Eterosessismo, misoginia, omo-lesbo-bi-trans-a-fobia, sessismo e cultura dello stupro sono alcune tra le peggiori miserie culturali dei nostri tempi. Ma se le guardiamo da vicino e ci spogliamo delle lenti binarie con cui si analizza comunemente l’azione patriarcale, noteremo che hanno una matrice comune. Se adottiamo un approccio non binario, che vede tutti i generi (non solo le donne) come bersagli del dominio patriarcale, allora capiremmo che le componenti sottese di tutte queste forme di discriminazione e violenza sono:

  • la femminilità (patriarcale)

  • la femminilizzazione delle persone (morbosa e prescrittiva)

  • l’anti-femminilità (femmephobia)

La femminilità è un facile target per le discriminazioni e si manifesta in modo intersezionale attraverso l’identità di genere e gli orientamenti sessuali.


Allora cosa possiamo fare per smantellare questo sistema femmefobico?

  • Condanna questa narrazione! Fai notare quando qualcunǝ intorno a te fa discorsi tossici sulla femminilità patriarcale, e fallo notare (con sensibilità) quando qualcunǝ la incarna inconsapevolmente.

  • Analizza la tua femminilità (a prescindere dal tuo genere). E, se lo vuoi, rendila una femminilità resistente!

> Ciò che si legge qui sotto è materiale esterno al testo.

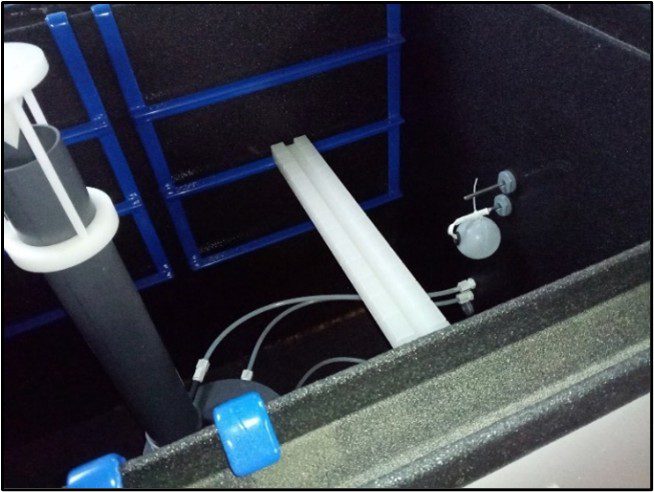 6 degree slotted polypropylene panel support bars installed in corrosion chamber rack for aerospace and NADCAP corrosion testing programs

Vai contro alle prescrizioni patriarcali che ti vogliono bellǝ ma mansuetǝ, che non ti consentono femminilità se ti percepiscono come uomo, ecc. Inventa la tua propria femminilità alternativa (ma non colpevolizzarti se rientri nei canoni della femminilità patriarcale).

  • Embrace your femininity (and your masculinity), indipendentemente dal tuo genere!